Examples of social investment options include Toms shoes, who began by providing one free pair of shoes for every pair bought. Alternatively, Brewdog is a beer company with registered B Corp status working towards reduced inequality through the living wage scheme.
One unique benefit of investment into social enterprises is the cyclical nature of the investment loop. Where projects succeed, the profits can be recycled to grow these organisations, leading to scaled social impact.
Governance Investments
Governance investment opportunities are focused on the legal, regulatory and compliant impacts of your financial decisions. As financial planner Lisa Footes says:
“Responsible investing is about ‘doing the right thing’, encouraging sustainability and contributing to positive, lasting change”.
Governance is exactly this: it delves into the decision-making process behind actions at a company and encourages investors to consider which are more fair or just than others. Asset allocation might depend on the governance budget of a company, alongside it’s transparency in the marketplace, for example.
Since governance relates to the people and processes behind companies and organizations, many of the issues and challenges behind investing with this strategy also pertain to the employers and employees. For example, bad governance practice includes tax avoidance, bribery or corruption and the executive pay gap.
One example of a ‘poor’ governance investment decision would be to buy stocks from Amazon, for example. Firstly, there is a stark contrast between the income of company director Jeff Bezos (net worth $200 billion) and his lowest paid German workers (just €12 per hour). Furthermore, the company is reported to have avoided paying corporation tax entirely in 2020 despite sales of $44 billion in Europe, widely considered unethical.
Community Impact Investing
One of our core values here at Financial Independence Europe is about community, and more specifically, community altruism. This refers to a group of people with a collective goal to help and give to others.
ESG investing supports community altruism by validating the cause and generating real change for climate, social and governance issues. It also allows investors to bask in the ‘feel good effect’, resting in the knowledge that their investment decisions are leading to positive change.
Impact investing can also contribute to a change in the standards and practices that companies use to operate effectively. In order to meet the demand of investors who value ESG; brands must prove their ethics against a stringent exclusionary criteria. It means that new rules and regulations may be implemented to better protect employees, the environment or the community against fraudulent practices.
If this is the encouragement it takes for companies to update their ethics profiles, we think the altruism community is doing its job!
Finding ESG Investments
So, how best to find impact investments?
Firstly, you should head over to the Global Impact Investing Network. This organisation develops impact investing strategies and personally vets companies to identify deal opportunities. You should be able to research here, as well as take part in expert training in order to spot good impact investing opportunities.

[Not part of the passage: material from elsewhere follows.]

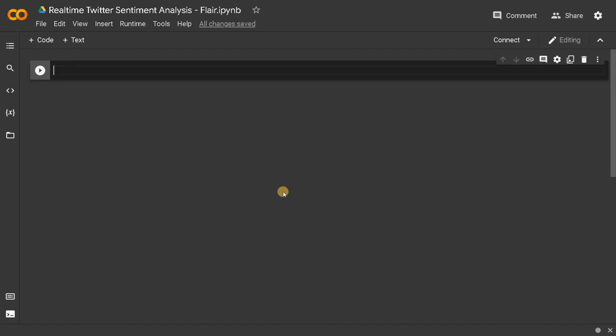Hey everyone, this is Ashwin here. In this video we are going to see how to create a real-time Twitter sentiment analysis using Tweepy and Flair. Flair is a pre-trained sentiment analysis module and Tweepy is used for getting tweets in real-time. We are going to use these modules in this project.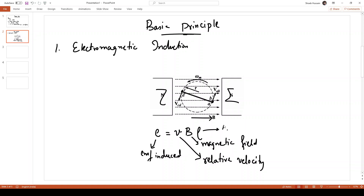B is the magnetic field and l denotes the length of the conductor. As per the electromagnetic induction principle, an EMF is induced in the conductor when it rotates in the magnetic field, or when the magnetic field itself is rotating and the conductor is stationary, given by e = vBl. If both the conductor and the magnetic field rotate at the same speed, the relative velocity between them is zero and the induced EMF will be zero.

Secondly, cultivate your own exclusionary criteria in order to weed out the fakes. Let’s be honest, many brands will go to the lengths of embellishing their achievements in order to attract investors. Having your own ticklist is an important way to avoid being duped.
Lastly, why not join a forum or discuss your investing habits with others in the altruism community?
Here at Financial Independence Europe, we run a Facebook group for like-minded individuals who are interested in networking. We encourage discussion about financial independence, investing, and more- join now!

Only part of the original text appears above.